By now it’s dark. A chill hangs heavy in the air. The festival has well and truly reached its capacity. As a punter, you might find yourself locked within a crowd bristling with human energy. Revelry abounds while you jostle to maintain your coveted stage side position. The features of each new face meet yours, eyes glazed and painted with knowingly abandoned smiles. To your left a female patron ducks groundward. She’s either vomiting or passing out, her friend explains, but assures you it’s all okay. To your right is a 6-foot-something of a man well into his 40’s. He looks dangerous but makes a point of leaning forward to give you an indecipherable compliment. Others are simply excited, singing karaoke with the PA with as much enthusiasm as they given any band while liberally consuming drinks.

Mid-soundcheck DZ Deathrays’ Shane Parsons glances up from his guitar. He strums an open chord to test it out. Does he know what he’s getting in to? Simon Ridley stoops over a set of drums he will later trample. For now, he’s drinking a can of beer. They open, bashing into latest single ‘Shred For Summer’. The reaction is immediate. Its larger than life drum figure incites excitement while the remainder of the group crash their listeners’ heads into a mass of stormy guitar riffs. The further the group move into the set the less the audience becomes constrained.
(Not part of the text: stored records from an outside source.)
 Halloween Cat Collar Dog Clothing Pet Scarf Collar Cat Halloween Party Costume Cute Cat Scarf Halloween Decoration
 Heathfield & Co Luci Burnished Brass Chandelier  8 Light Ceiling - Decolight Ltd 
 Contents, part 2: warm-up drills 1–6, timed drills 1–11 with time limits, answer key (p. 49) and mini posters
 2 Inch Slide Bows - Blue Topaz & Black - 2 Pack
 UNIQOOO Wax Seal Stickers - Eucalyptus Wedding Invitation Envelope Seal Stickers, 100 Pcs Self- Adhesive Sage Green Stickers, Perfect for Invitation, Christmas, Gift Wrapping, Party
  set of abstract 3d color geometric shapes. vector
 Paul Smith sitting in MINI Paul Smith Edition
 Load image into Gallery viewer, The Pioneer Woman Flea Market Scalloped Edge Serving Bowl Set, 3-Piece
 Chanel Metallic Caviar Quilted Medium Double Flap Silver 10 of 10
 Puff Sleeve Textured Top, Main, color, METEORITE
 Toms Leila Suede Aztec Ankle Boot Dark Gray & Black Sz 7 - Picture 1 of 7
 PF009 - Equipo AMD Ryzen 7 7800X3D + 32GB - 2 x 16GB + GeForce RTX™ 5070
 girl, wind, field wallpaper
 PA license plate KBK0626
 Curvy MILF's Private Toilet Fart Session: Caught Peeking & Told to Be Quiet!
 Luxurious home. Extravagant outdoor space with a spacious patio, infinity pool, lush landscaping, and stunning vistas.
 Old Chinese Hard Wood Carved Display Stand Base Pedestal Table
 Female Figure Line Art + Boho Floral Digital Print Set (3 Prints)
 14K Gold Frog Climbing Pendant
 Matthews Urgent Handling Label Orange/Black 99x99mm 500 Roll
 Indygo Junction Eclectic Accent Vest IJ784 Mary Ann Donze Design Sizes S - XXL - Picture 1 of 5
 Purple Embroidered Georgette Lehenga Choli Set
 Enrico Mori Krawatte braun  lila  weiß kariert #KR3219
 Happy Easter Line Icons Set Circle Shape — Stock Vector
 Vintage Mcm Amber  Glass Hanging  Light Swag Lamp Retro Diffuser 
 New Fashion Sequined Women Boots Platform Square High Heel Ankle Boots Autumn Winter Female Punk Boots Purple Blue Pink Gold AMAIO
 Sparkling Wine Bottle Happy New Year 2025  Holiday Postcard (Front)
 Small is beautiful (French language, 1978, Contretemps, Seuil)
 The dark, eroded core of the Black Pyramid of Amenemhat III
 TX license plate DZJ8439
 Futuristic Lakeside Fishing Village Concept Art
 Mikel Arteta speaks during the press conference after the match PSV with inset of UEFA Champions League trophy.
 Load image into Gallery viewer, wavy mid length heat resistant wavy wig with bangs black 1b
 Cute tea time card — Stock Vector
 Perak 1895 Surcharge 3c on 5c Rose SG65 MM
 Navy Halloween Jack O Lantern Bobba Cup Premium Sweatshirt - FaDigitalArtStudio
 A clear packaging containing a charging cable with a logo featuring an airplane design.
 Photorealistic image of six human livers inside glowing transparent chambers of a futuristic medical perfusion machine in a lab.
A total blinder of a song, ‘Gina Works at Hearts’, sets them further alight. As it thrashes out all manner of projectiles are flung in every direction while an endless supply of crowd surfers erupts from the sea of bodies. ‘Gina’ carries the revelation that this is music custom-built to quicken the blood and move the body. DZ may be approaching the status of veteran band, but they still feel like two guys straight out of teenage wasteland.

The night is dark, as is the stage when the music drops abruptly from the abrasive PA. Slow hitting, yet progressive, resonating rock riffs deliver a heavy sound through the entire encampment as vets Pat Davern and Joe Hansen strike the match. With select few opting to dance where they could, the masses ramped forward toward the flash of red and green as Phil Jamieson joins the Shakafest stage. Kristian Hopes dents the air with the clash of titanous sticks on kit, Grinspoon have arrived.


It’s difficult to remain centred as the wave of 3000 people flare with head bangs and forked fingers, yet there’s something humbling in the way generations merge to witness the return of an iconic Aussie band. The conflagration completes itself, the circle comes round. Not only do we sit mesmerized, so too does the talent who set the afternoon alight with art of their own. With alt-banter and comical Jamieson suave, the night is rivet with coarse throats, a fact that intensifies as the lick of ‘Chemical Heart’ busts forth. With a united crowd with a united voice the next five minutes dissolve into ecstasy.

At last, as the night dampers the jets of white and red confetti ignite and paint the audience, shakas raised. The pitch that is the cry for more resides and our headliners retreat. The night is suddenly younger than we thought and the short haul to Shark Bar’s after party begins with fanatical cries for more.